Monday, February 21, 2011

"It was just a feeling."

There's nothing cute or nostalgic about nighttime dreams coinciding with revealing visions of what the future will be like if I simply stay the course.
I won't turn into my mom and I won't turn into my dad, but I'll make similar mistakes that, when I was 18, I confidently knew how to avoid.
I have this system of voting in which everything I do casts a vote for a particular category (smoking a cigarette simultaneously votes for freedom from society and slavery to a chemical or a large company), remember? But I'm throwing all of this out the window with a relationship based on compromise. Is it worth it? Well, according to one of the most polarized authors out there, "in any compromise between good and evil, only evil can benefit."

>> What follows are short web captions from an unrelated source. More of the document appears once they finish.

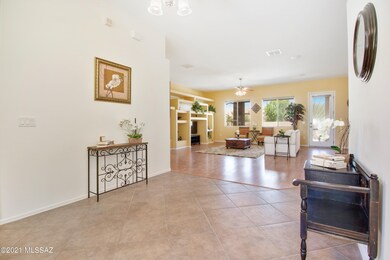 Welcoming Foyer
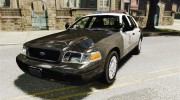 Ford Crown Victoria LAPD [ELS] для GTA 4 миниатюра 1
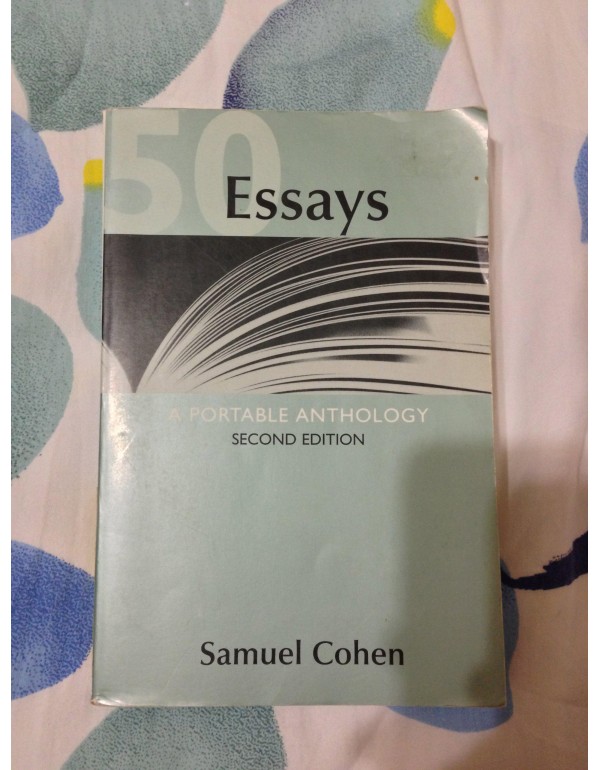 50 Essays: A Portable Anthology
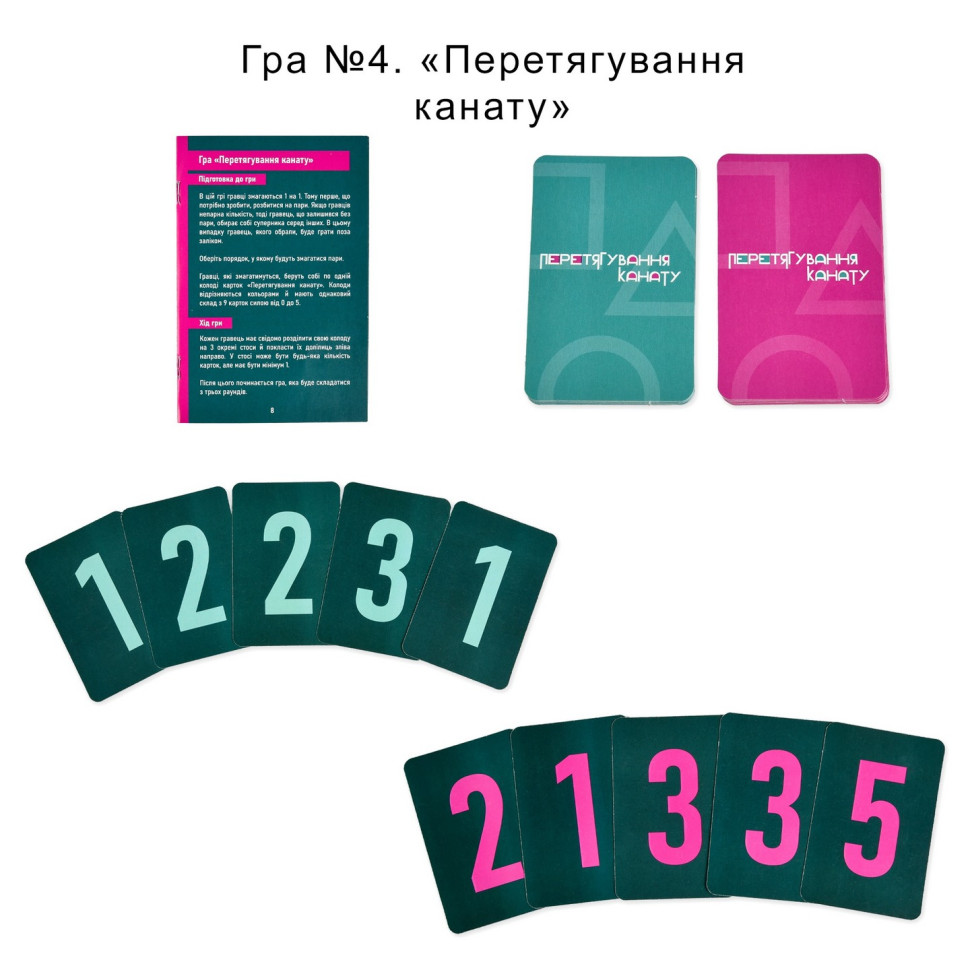 Настільна гра 6 в 1 "Ти знаєш, що робити 2" 30841 картки 54 шт — фото 13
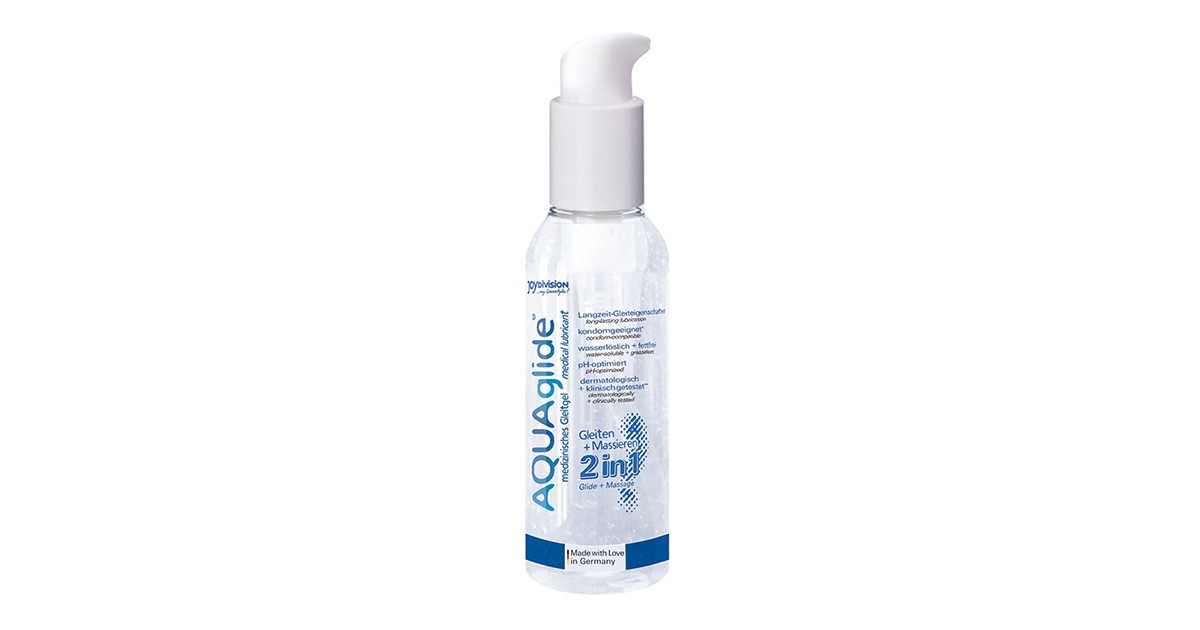  senza aroma-Aquaglide 2 in 1 - 125 ml-LaChatte.it
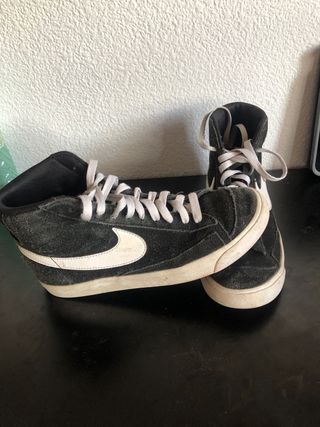 Zapatillas Nike Blazer Negras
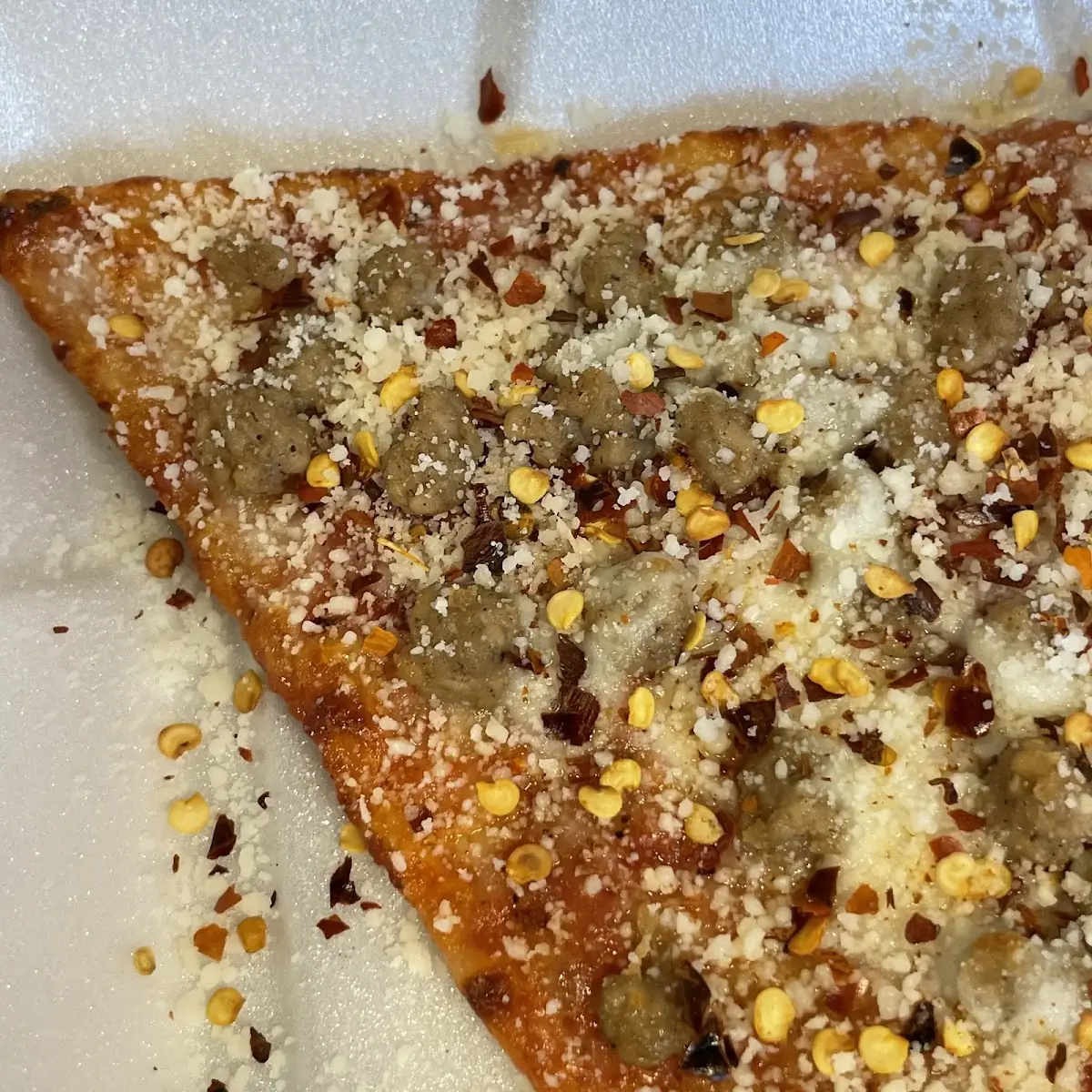 Beef Pizza Slice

It feels right intellectually despising glowing rectangles because everything projected is, however subtly, someone's point of view. These points of view seem to boil down to absolutely nothing, leading an acute observer to a dead end. Once there, why go on? Maybe there's not always a quick path cut through differing agendas. Or maybe that's the point. Maybe there's no way out and the end result is time having been killed.
And work is no exception, which is my fault. I allow myself hours in front of this screen because smoking cigarettes throws my mind off kilter and I don't trust myself to retain the knowledge in a book. So I spend my time on things I don't care to retain, like baseball analysis and cheap news articles. And the same routine is practiced when I arrive at home, except in front of a much larger rectangle and with more structured non-sense, like sporting events and television shows and excerpts of movies that aren't worth watching all the way through. Or maybe I go out and actively kill brain cells as opposed to merely boring them to death.
But this is the way of life amongst myself and my friends and my family. There are occasional moments of joy derived from pleasures devoid of an anonymous third-party's voice or instruction, but the consistency is unreliable and, especially in February, it isn't difficult to go through a three-week span of mindlessness.